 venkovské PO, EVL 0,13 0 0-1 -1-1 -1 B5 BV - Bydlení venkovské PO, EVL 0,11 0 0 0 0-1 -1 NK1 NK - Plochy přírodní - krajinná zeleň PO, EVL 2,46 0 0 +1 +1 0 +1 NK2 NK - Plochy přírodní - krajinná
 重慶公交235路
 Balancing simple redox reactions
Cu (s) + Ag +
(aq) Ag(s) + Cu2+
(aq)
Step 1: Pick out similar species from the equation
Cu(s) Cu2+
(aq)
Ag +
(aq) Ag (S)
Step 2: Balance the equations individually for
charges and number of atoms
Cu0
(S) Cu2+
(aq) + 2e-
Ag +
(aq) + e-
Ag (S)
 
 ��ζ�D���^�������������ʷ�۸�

*-*-*

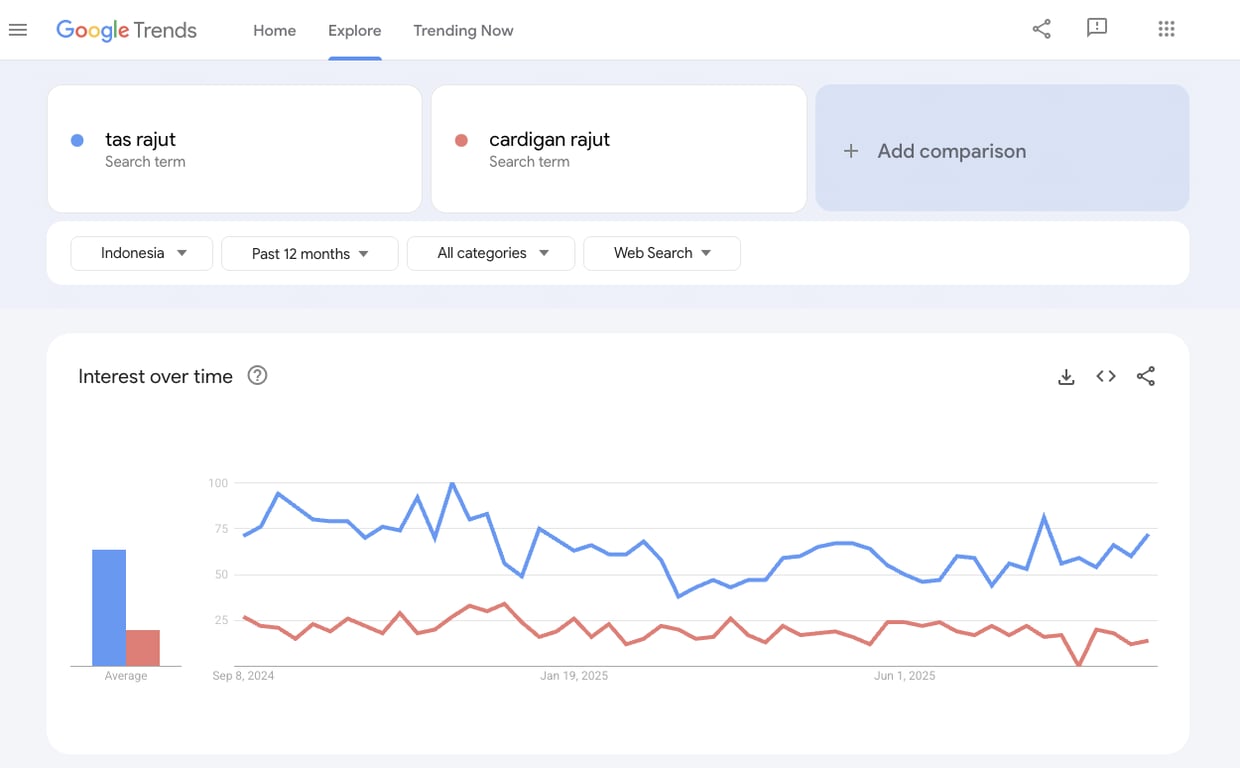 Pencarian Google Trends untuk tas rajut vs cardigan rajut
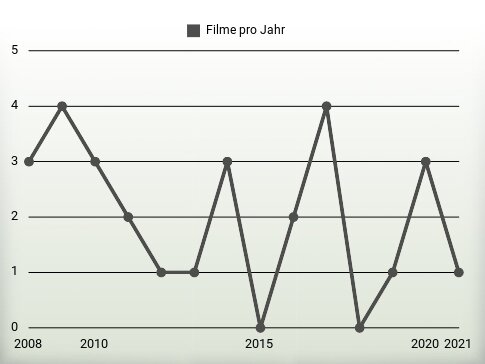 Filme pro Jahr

*-*-*

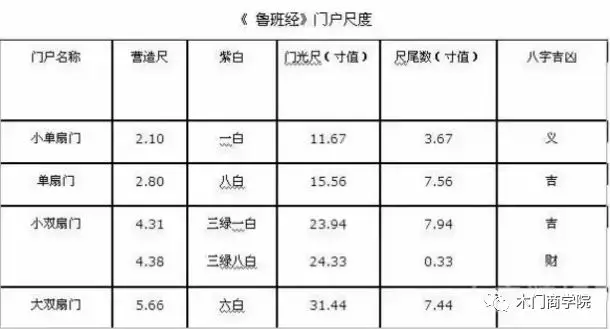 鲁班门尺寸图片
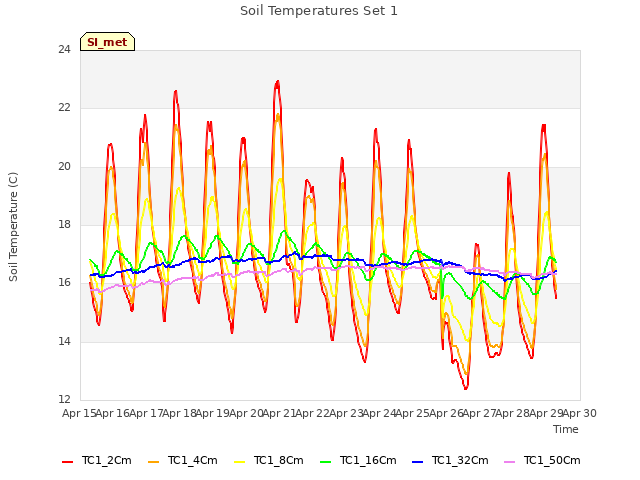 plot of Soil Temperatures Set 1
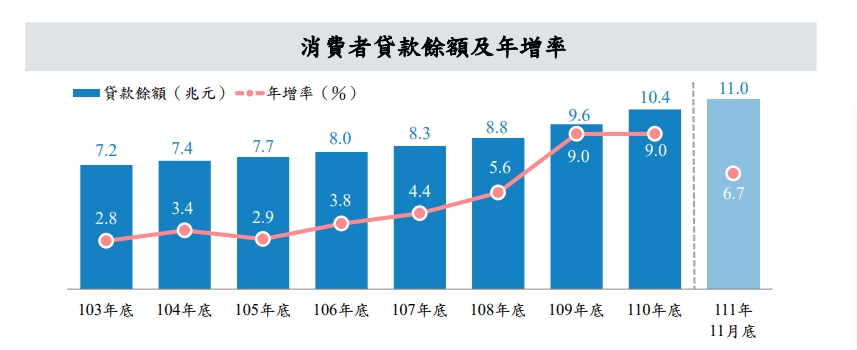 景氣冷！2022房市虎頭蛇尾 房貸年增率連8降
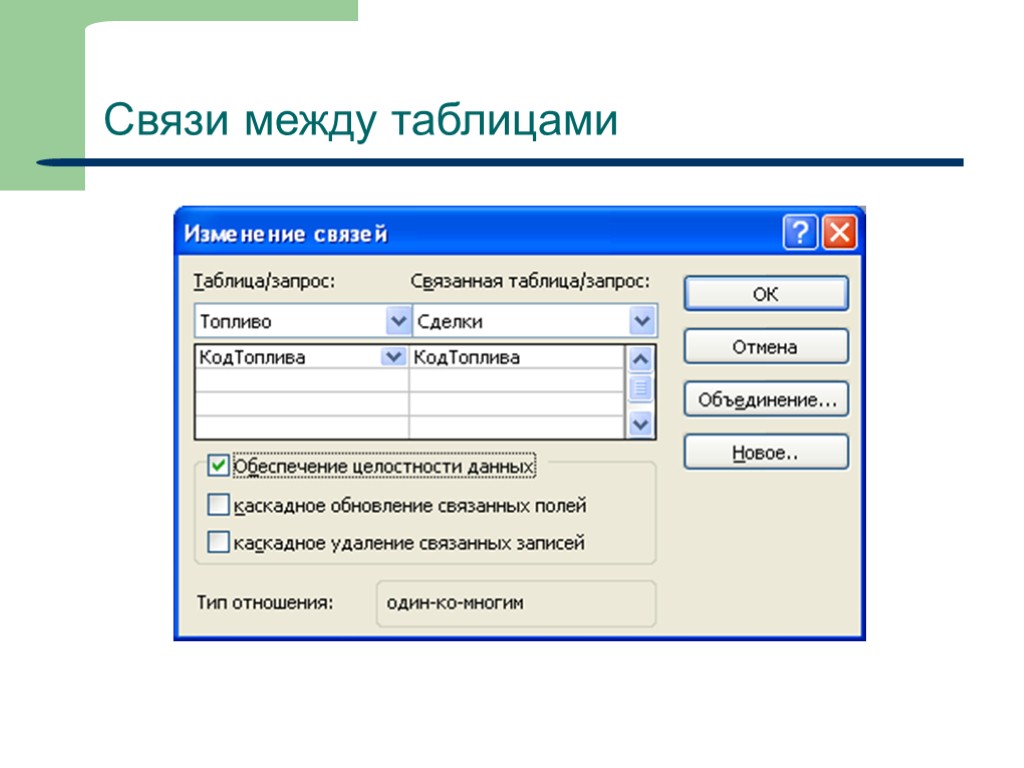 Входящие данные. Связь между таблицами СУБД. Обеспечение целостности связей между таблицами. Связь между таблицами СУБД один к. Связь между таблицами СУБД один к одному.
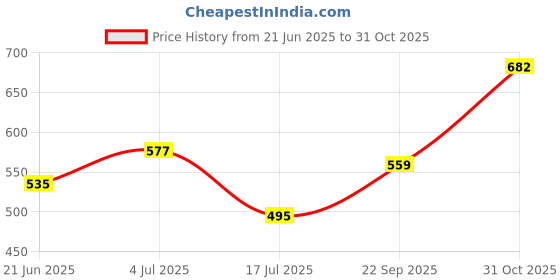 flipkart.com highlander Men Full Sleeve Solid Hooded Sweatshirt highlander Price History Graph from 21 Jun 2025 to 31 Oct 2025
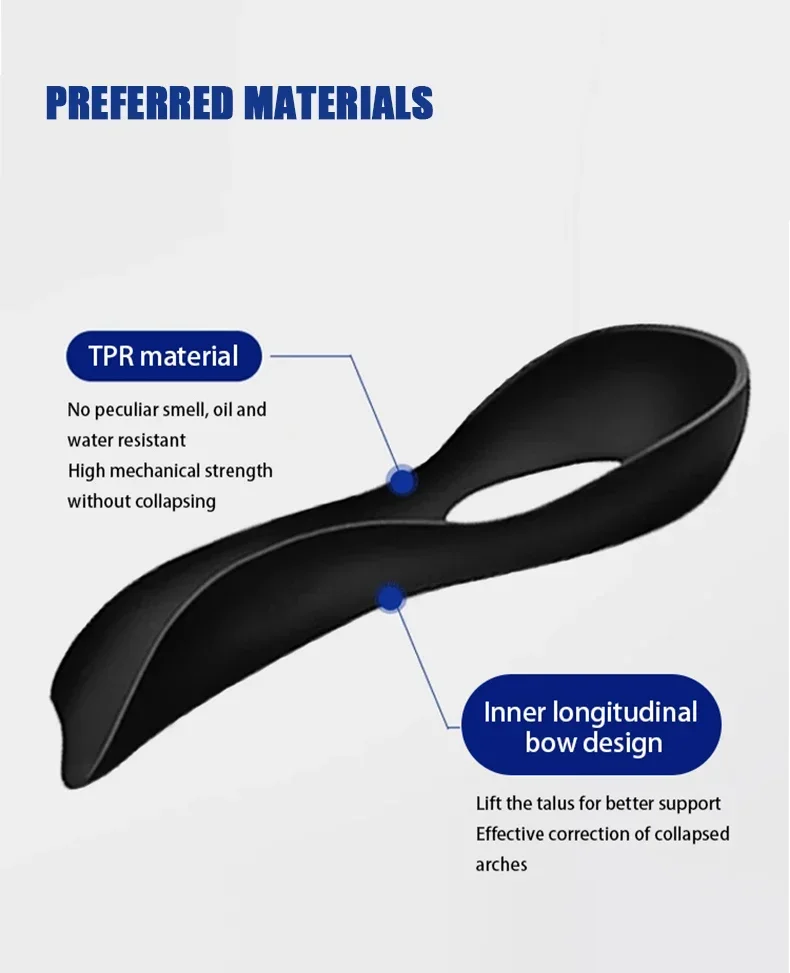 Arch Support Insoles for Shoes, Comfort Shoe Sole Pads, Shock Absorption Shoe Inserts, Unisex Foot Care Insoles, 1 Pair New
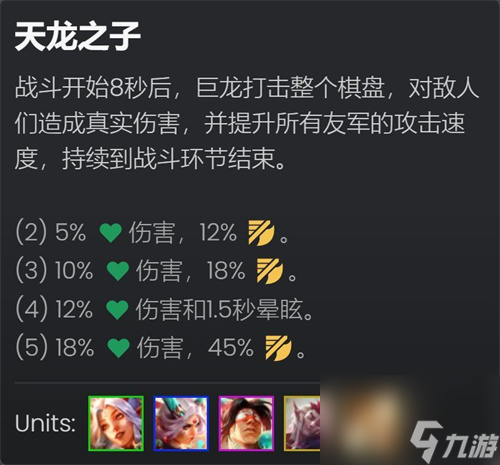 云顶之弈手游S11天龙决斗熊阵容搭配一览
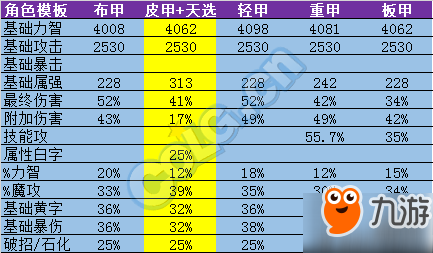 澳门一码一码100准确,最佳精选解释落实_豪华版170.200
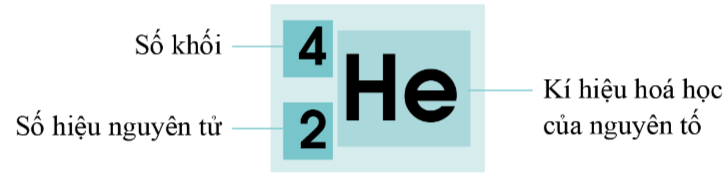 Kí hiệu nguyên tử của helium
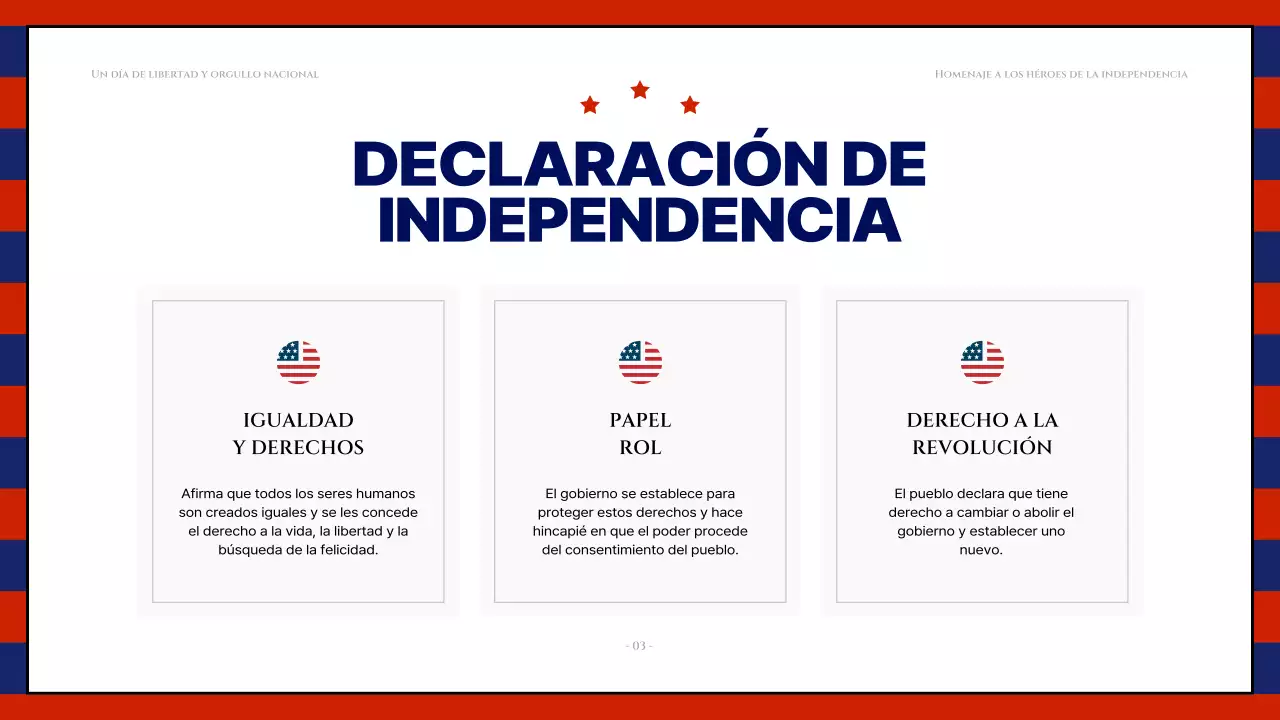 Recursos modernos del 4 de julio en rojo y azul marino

*-*-*

EXERCISE GOAL> What's needed is an exact copy of the lines above from the one with "Pencarian Google Trends" through the one with "Filme pro Jahr", both included; the pictures stay out.

EXERCISE OUTPUT>
 Pencarian Google Trends untuk tas rajut vs cardigan rajut
 Filme pro Jahr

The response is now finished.